Listed records:
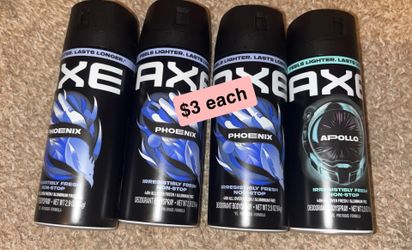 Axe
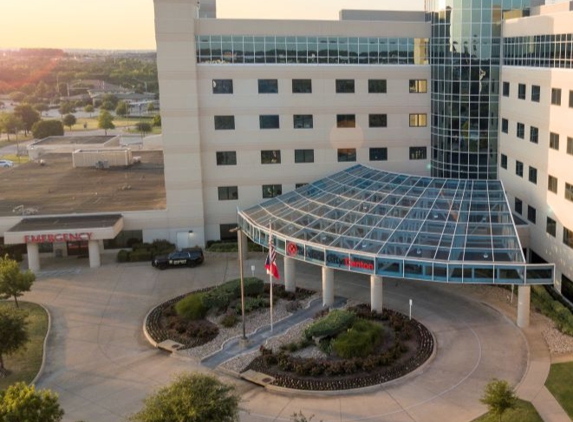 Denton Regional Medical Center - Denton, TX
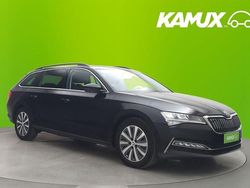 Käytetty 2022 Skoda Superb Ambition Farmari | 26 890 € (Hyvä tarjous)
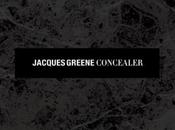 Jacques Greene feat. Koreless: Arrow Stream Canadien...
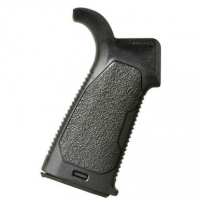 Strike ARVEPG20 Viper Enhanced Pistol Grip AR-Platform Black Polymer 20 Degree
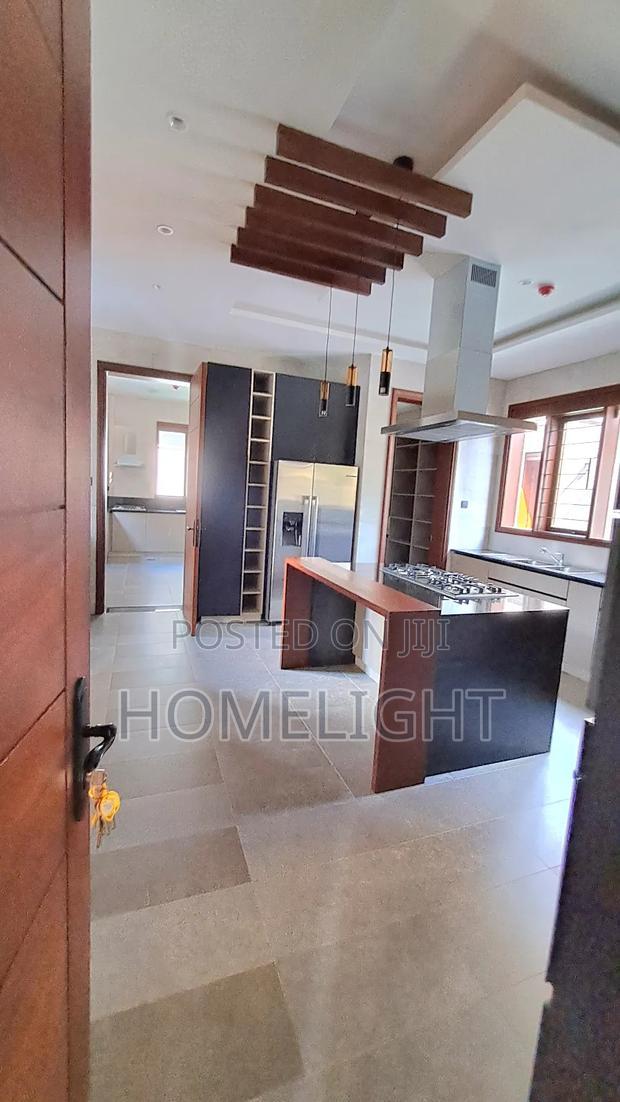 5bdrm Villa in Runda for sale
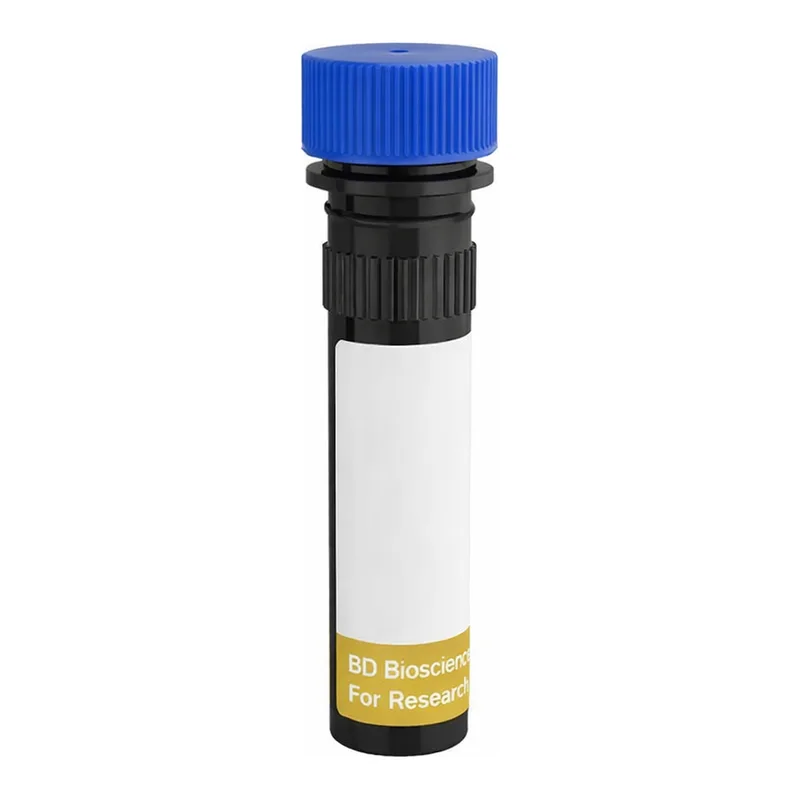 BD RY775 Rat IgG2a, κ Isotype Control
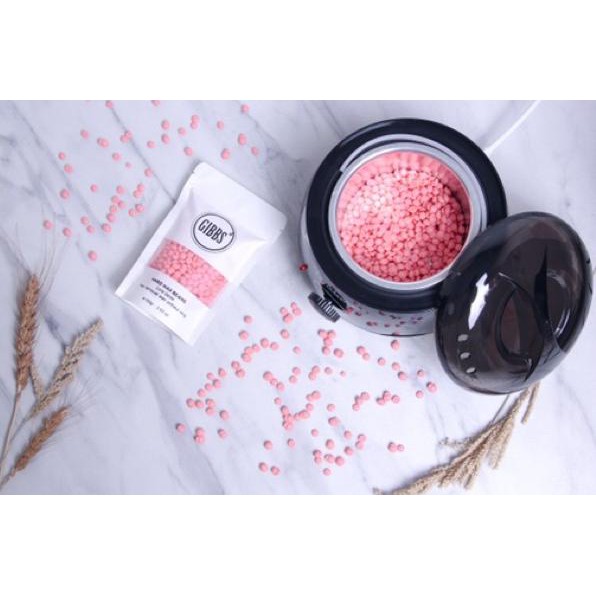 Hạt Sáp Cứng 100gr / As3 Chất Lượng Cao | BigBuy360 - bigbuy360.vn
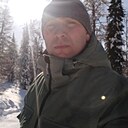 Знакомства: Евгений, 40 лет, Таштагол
---
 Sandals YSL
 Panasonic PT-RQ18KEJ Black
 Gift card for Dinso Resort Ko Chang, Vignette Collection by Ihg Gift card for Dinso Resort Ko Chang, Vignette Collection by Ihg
==
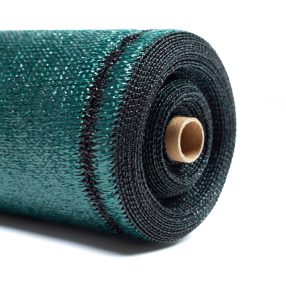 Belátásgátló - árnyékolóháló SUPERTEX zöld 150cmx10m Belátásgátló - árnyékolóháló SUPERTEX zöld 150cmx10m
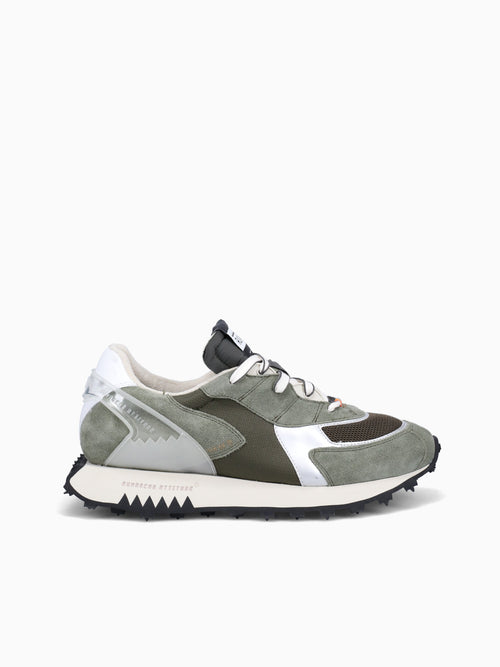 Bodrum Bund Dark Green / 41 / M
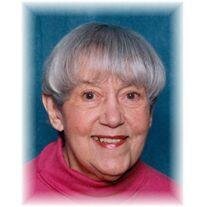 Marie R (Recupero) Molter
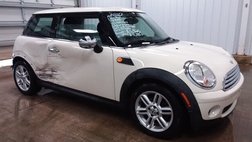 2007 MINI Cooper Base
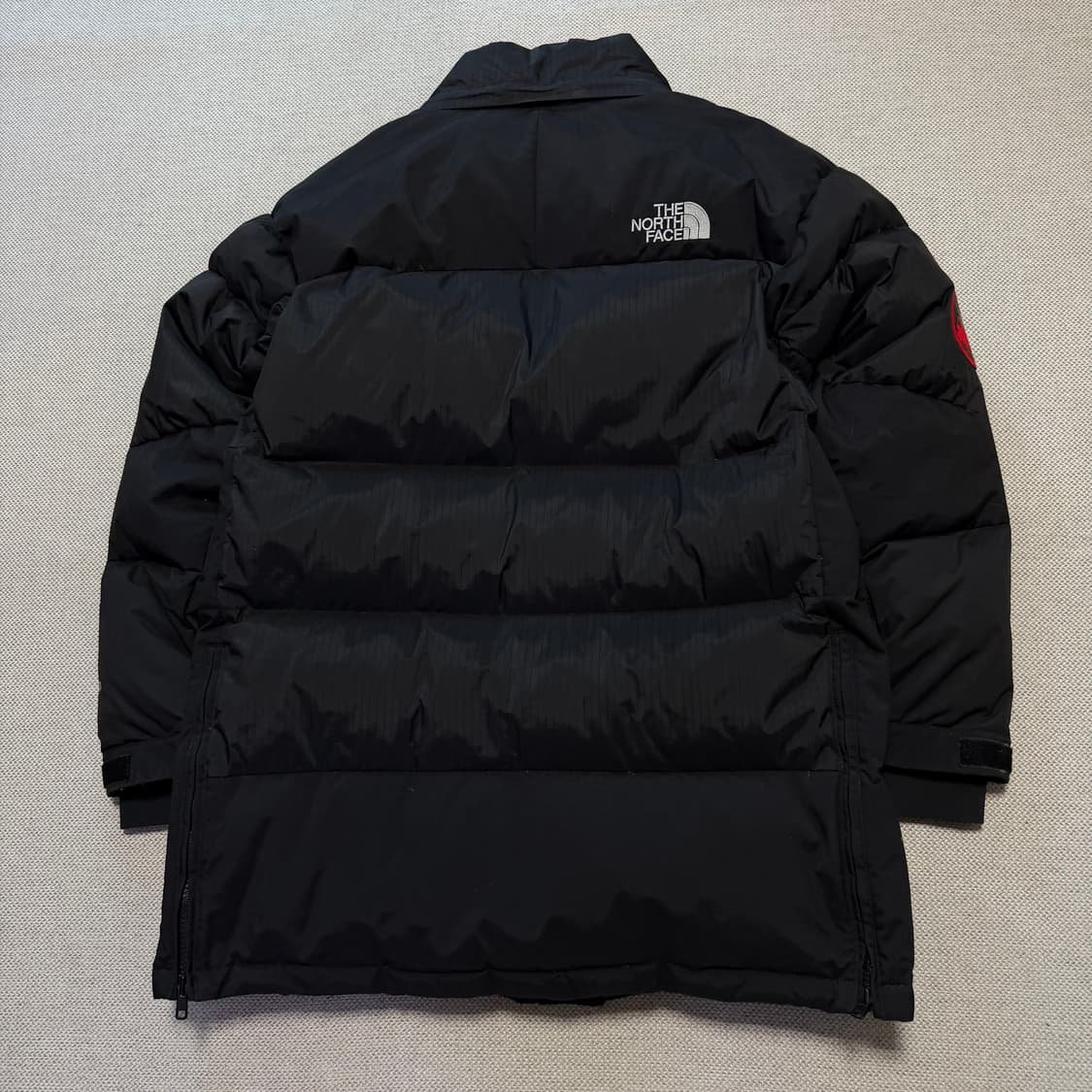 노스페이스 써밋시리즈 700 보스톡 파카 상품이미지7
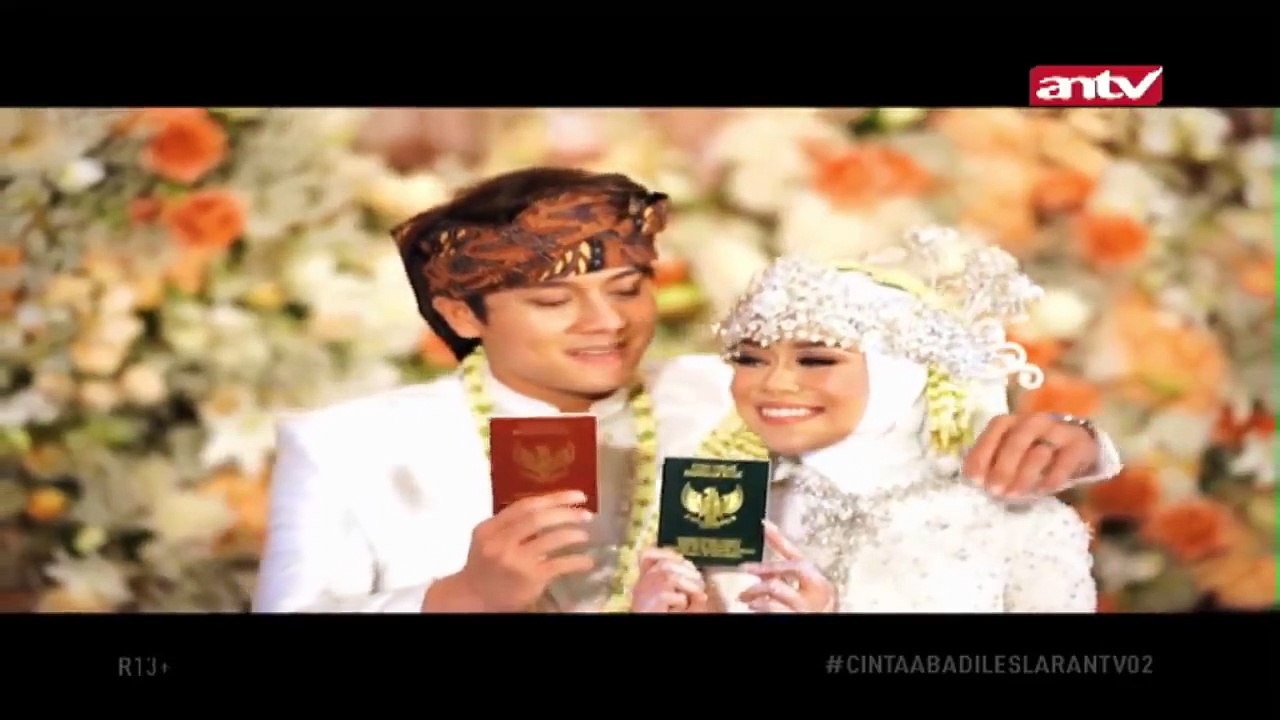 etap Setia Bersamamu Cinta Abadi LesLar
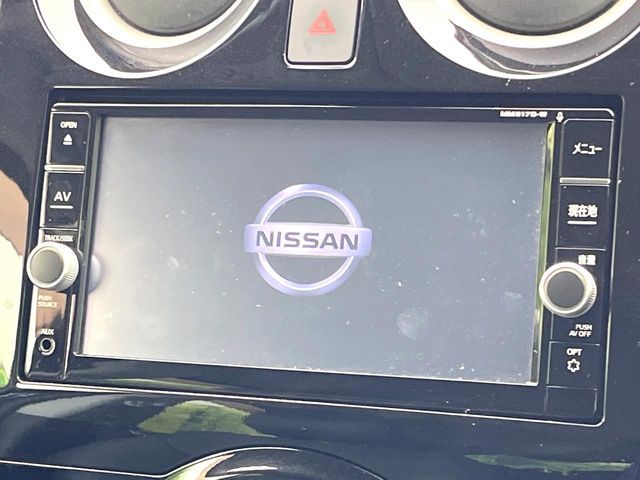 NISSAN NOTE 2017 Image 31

Work item:
Extract the part of the records that opens with the line containing "Strike ARVEPG20 Viper" and closes with the line containing "Знакомства: Евгений, 40 лет, Таштагол". Take only those lines, exactly, and no pictures.

Your solution:
 Strike ARVEPG20 Viper Enhanced Pistol Grip AR-Platform Black Polymer 20 Degree
 5bdrm Villa in Runda for sale
 BD RY775 Rat IgG2a, κ Isotype Control
 Hạt Sáp Cứng 100gr / As3 Chất Lượng Cao | BigBuy360 - bigbuy360.vn
 Знакомства: Евгений, 40 лет, Таштагол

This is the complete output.